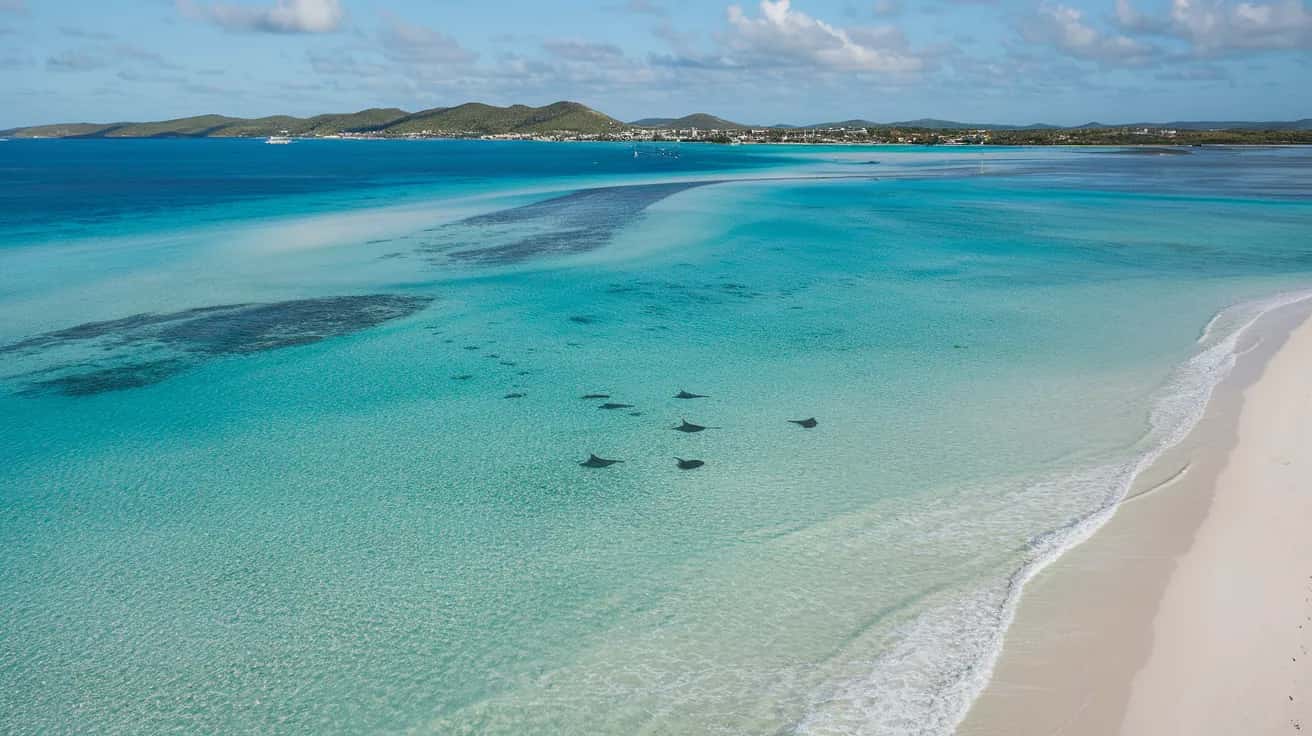 George Town weather and climate - scenic view of George Town, Cayman Islands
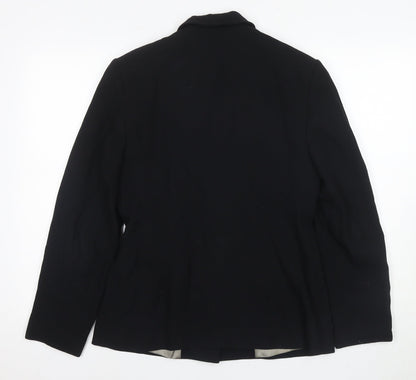 Womens UK Size 12 Laura Ashley Regular Black Suit Jacket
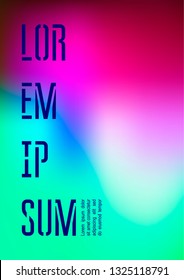 Hologram abstract background. Bright gradient mesh backdrop with hologram. 90s, 80s retro style. Pearlescent graphic template for banner, flyer, cover design, mobile interface, web app. 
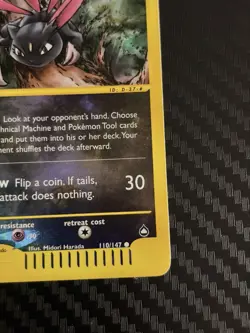 Pokemon TCG Sneasel 110/147 Reverse Holo Aquapolis MP - Image 3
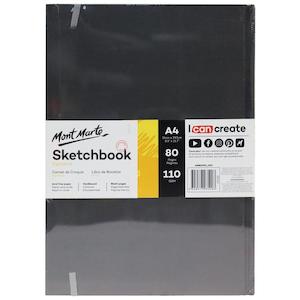 Mont Marte Signature Sketch Book - Hardbound A4 110gsm 80 Sheet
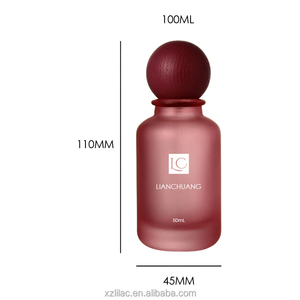 Elegante Botella de <span class=keywords><strong>Perfume</strong></span> para <span class=keywords><strong>Mujer</strong></span> de 100 ml, Botella de Vidrio Mate con Emblema Personalizado, Tapa Roja y Caja de Regalo Cilíndrica - Product Image 6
□ □ □ □ □ □ □
** WHAT YOU HAVE TO DO **
Exactly as written, give the entries above again, with no images.

** TASK RESULT **
 George Town weather and climate - scenic view of George Town, Cayman Islands
 Womens UK Size 12 Laura Ashley Regular Black Suit Jacket
 Hologram abstract background. Bright gradient mesh backdrop with hologram. 90s, 80s retro style. Pearlescent graphic template for banner, flyer, cover design, mobile interface, web app. 
 Pokemon TCG Sneasel 110/147 Reverse Holo Aquapolis MP - Image 3
 Mont Marte Signature Sketch Book - Hardbound A4 110gsm 80 Sheet
 Elegante Botella de <span class=keywords><strong>Perfume</strong></span> para <span class=keywords><strong>Mujer</strong></span> de 100 ml, Botella de Vidrio Mate con Emblema Personalizado, Tapa Roja y Caja de Regalo Cilíndrica - Product Image 6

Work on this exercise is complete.